======== Exercise materials

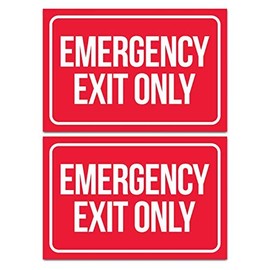Emergency Exit Only Sticker Signs (Pack of 2) | Large Decals for Doors, Offices, Restaurants, Stores, Schools, Hospitals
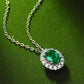 1.5 Carat Lab-Grown Emerald 925 Sterling Silver Necklace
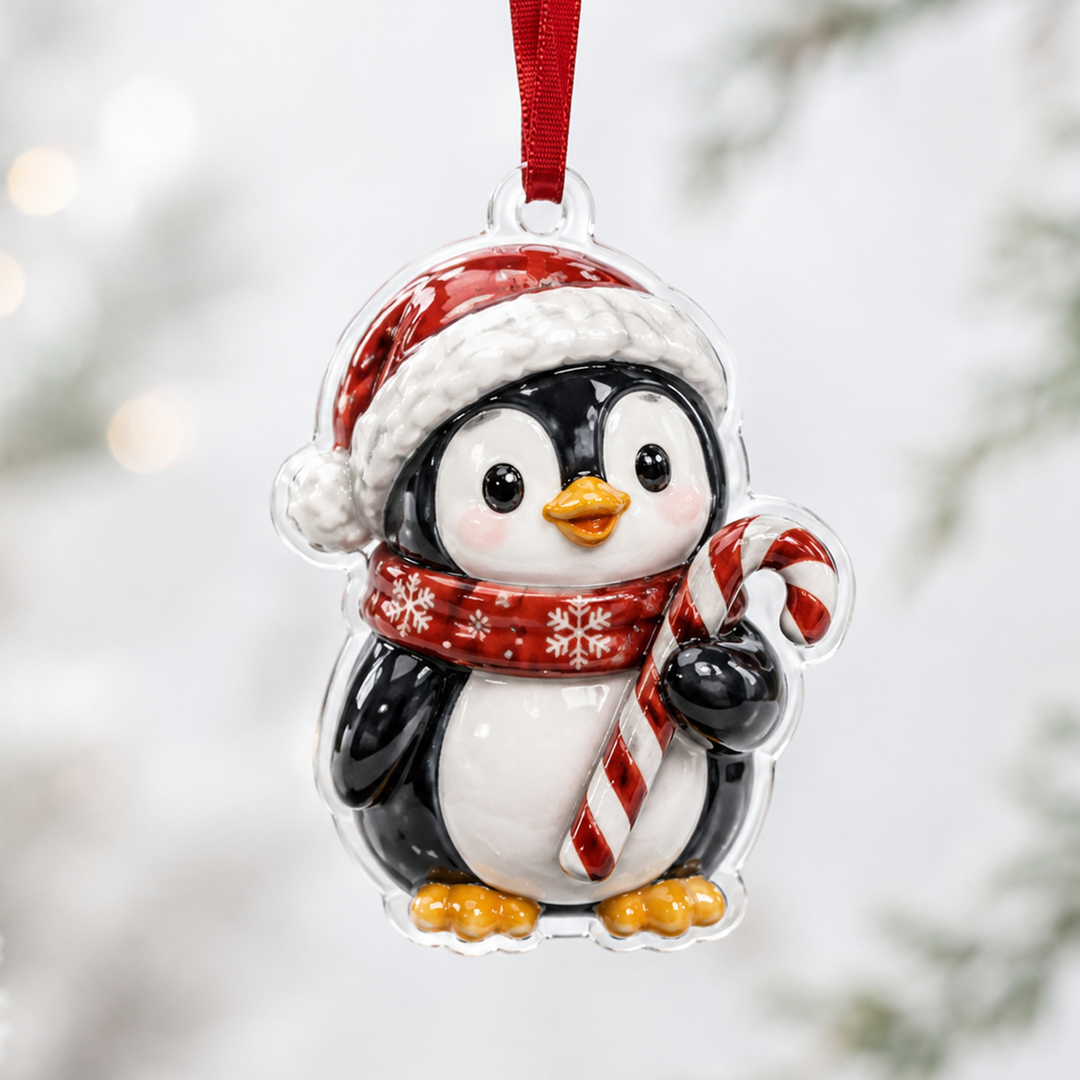 Candy Cane Penguin Mica Ornament NCU0HA043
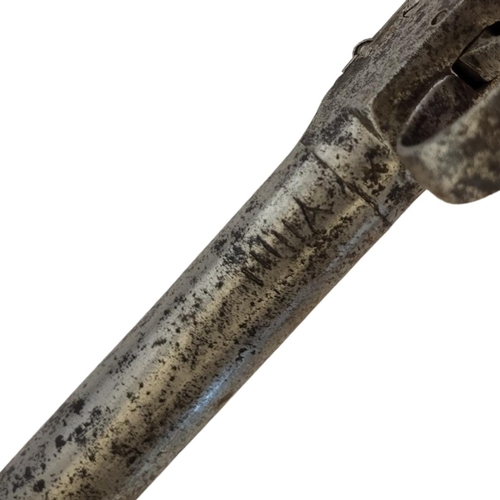 299 - TWO LATE 18TH/EARLY 19TH CENTURY PERCUSSION CAP PISTOLS
Having steel barrels and carved wooden handl... 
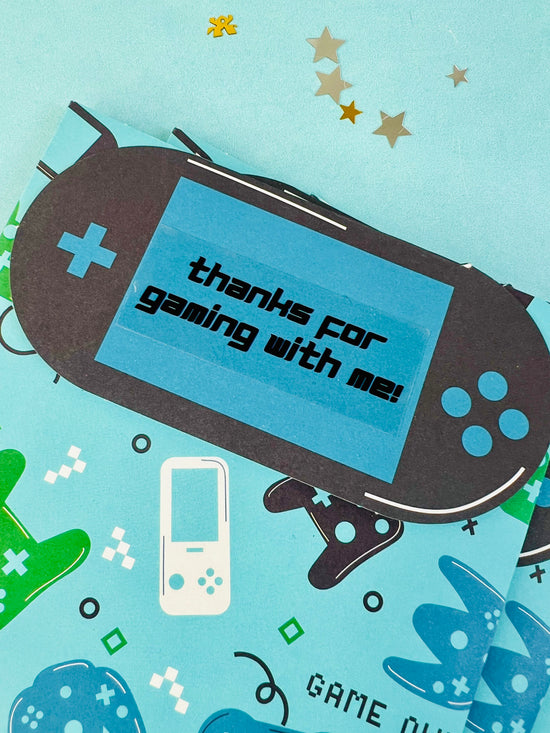 Pre-Made Thanks For Gaming With Me Party Favor Set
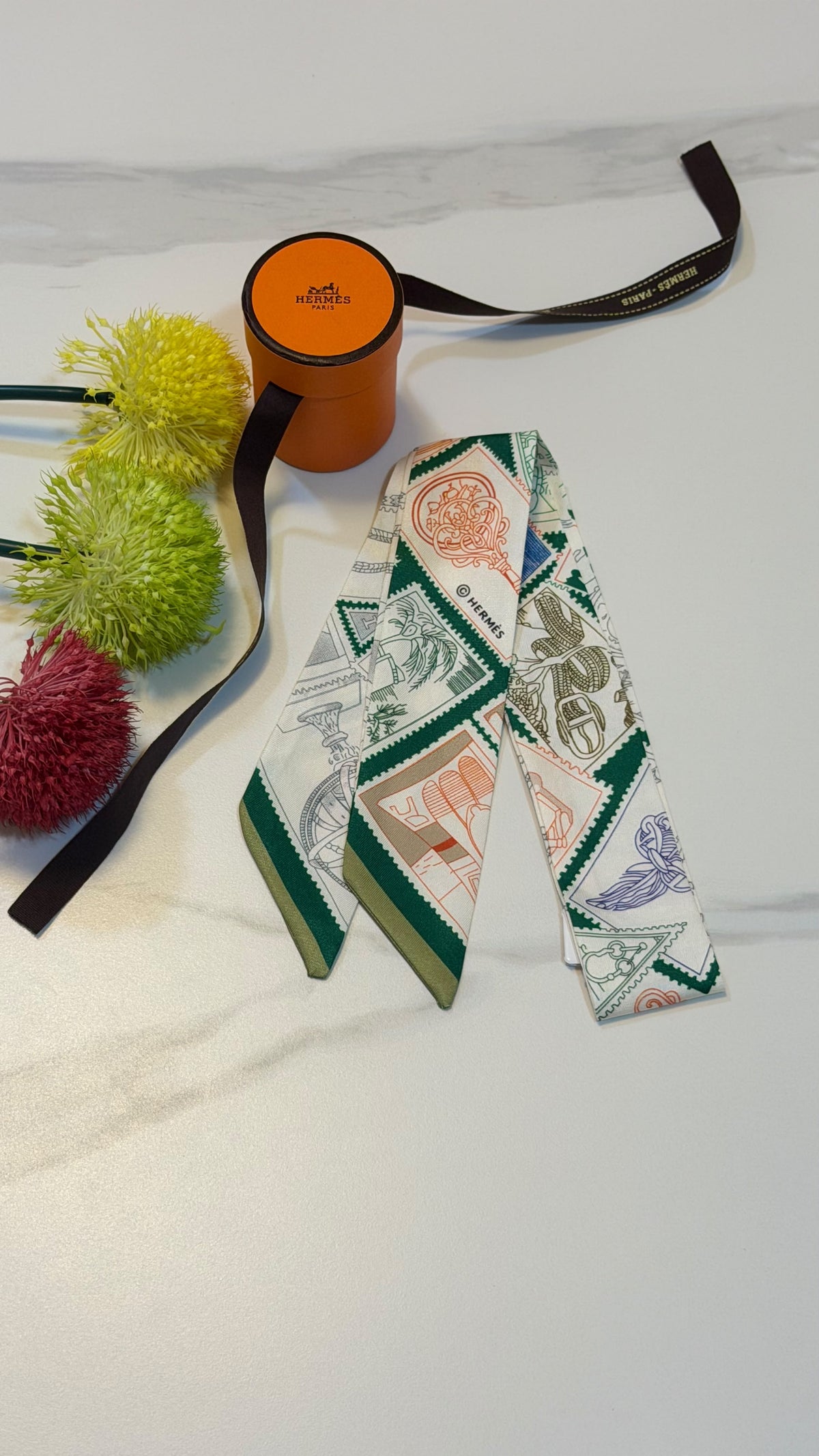 Hermès Stamp Print Twilly Scarf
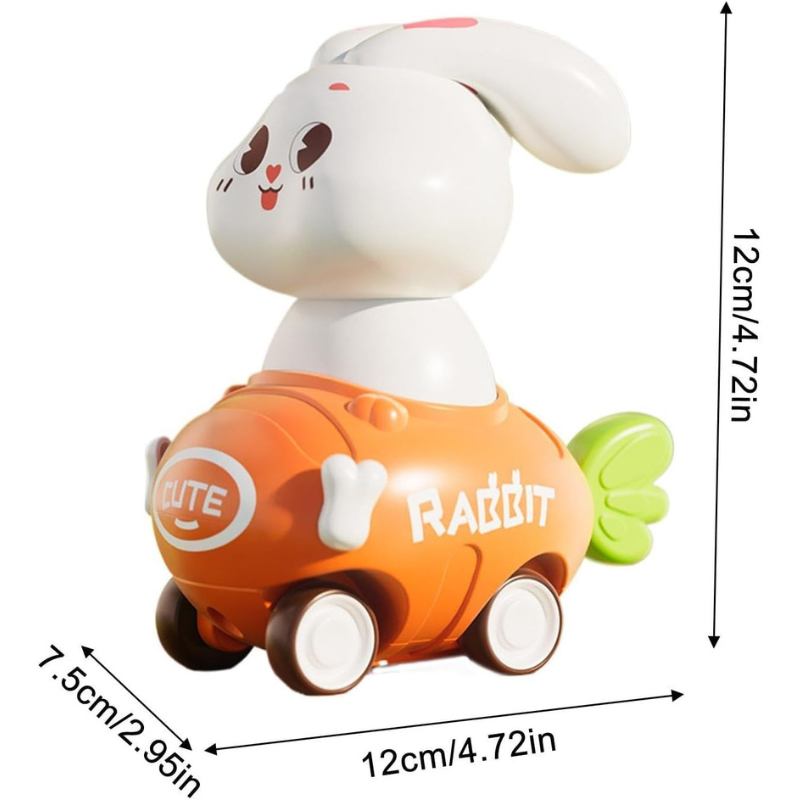 Friction Powered Rabbit Racing Car Toy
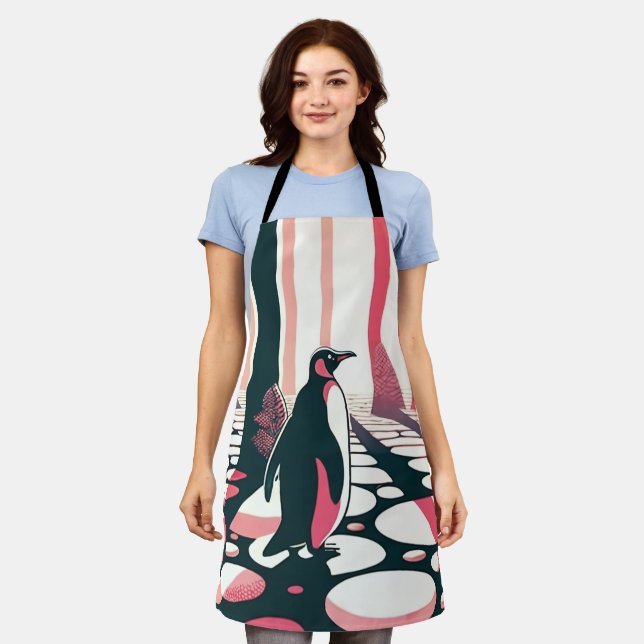 Delantal Pingüino En Místico Mágico Oscuro Del Salmón Rosa (Gastado)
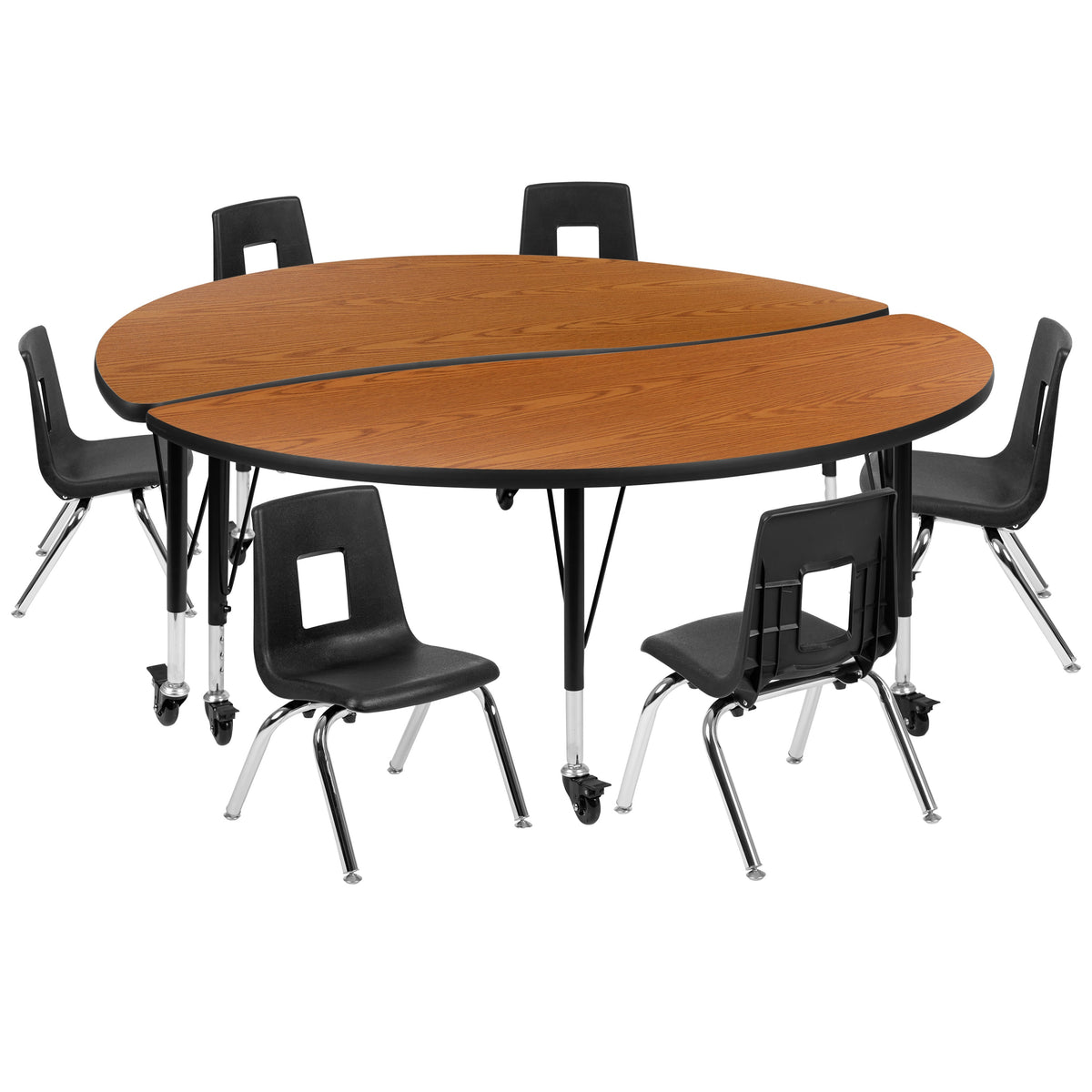 Flash Furniture XU-GRP-12CH-A60-HCIRC-OAK-T-P-CAS-GG Mobile 60" Circle Wave Activity Table Set-12" Student Stack Chairs, Oak/Black (Oak Top/Black Frame) - Main view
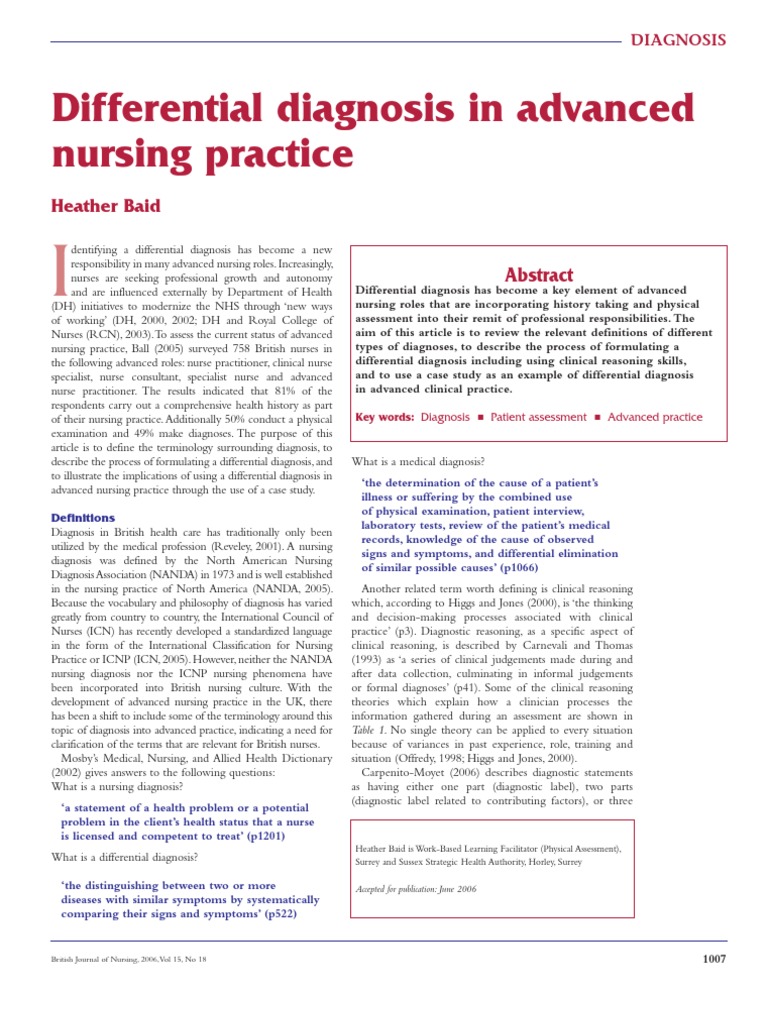 Differential Diagnosis Medical Diagnosis Differential Diagnosis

================

Transcribe exactly the span of lines from the line holding "Hermès Stamp Print Twilly Scarf" through the last line above, both included. Pictures stay out.

 Hermès Stamp Print Twilly Scarf
 Friction Powered Rabbit Racing Car Toy
 Delantal Pingüino En Místico Mágico Oscuro Del Salmón Rosa (Gastado)
 Flash Furniture XU-GRP-12CH-A60-HCIRC-OAK-T-P-CAS-GG Mobile 60" Circle Wave Activity Table Set-12" Student Stack Chairs, Oak/Black (Oak Top/Black Frame) - Main view
 Differential Diagnosis Medical Diagnosis Differential Diagnosis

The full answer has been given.